The biggest question that was pondered once the legislation session started in January 2019 was how long it would take to have a state budget signed into law. At one point in the process it seemed more likely that Governor Evers would veto the entire budget and wait for the legislature to send him a different version, likely in the fall.

Ultimately, Governor Evers announced that he was signing the state budget with 78 partial vetoes and went on to say that “vetoing this budget in its entirety would have been more of the same divisiveness and petty, political theatrics that the people of Wisconsin have had to put up with for far too long.”

Our efforts on the state budget go back to March when we had members from across the state travel to the capitol to advocate for and against various provisions in the state budget. We were very pleased that most items that we advocated on were addressed before the budget was signed into law.

There were no changes to state law regarding tax incremental financing (the ability for municipalities to exceed revenue caps) and prevailing wage provisions dealing with developer-financed infrastructure. The Department of Safety of Professional Services received an additional $5 million to support technology upgrades for trades credentialing.

Unfortunately, the Joint Committee on Finance removed a provision to provide a state tax advantage for first time homebuyer saving accounts that we supported. Additionally, with one of his partial vetoes Governor Evers added an increase in the registration fee for “heavy trucks” that we opposed.

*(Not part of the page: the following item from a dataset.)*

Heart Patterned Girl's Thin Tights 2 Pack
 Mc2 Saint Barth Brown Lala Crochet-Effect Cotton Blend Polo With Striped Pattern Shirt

The outcome of the recently signed state budget is a positive development for housing in Wisconsin.

Going forward, one of our main priorities of this session is to not backtrack on the reforms we gained over the previous eight years. Reforming the process to apply for single family building permits remains a top priority this fall. Our bill to make sure municipalities are not asking for both a paper and online building permit form has already passed the state assembly on a bipartisan voice vote and has had a hearing in the Senate Committee on Utilities and Housing. We are hopeful that this bill will be voted out of the Senate Committee soon, thus available for a vote by the full state senate when they return in September.

With twenty-one coauthors in both political parties, including the chairs and ranking democrat members of both housing committees, and the strong support so far for this important reform, we believe we are making a strong case for this bill to signed into law by Governor Evers. We continue to look forward to other ways can advance the pro-housing agenda.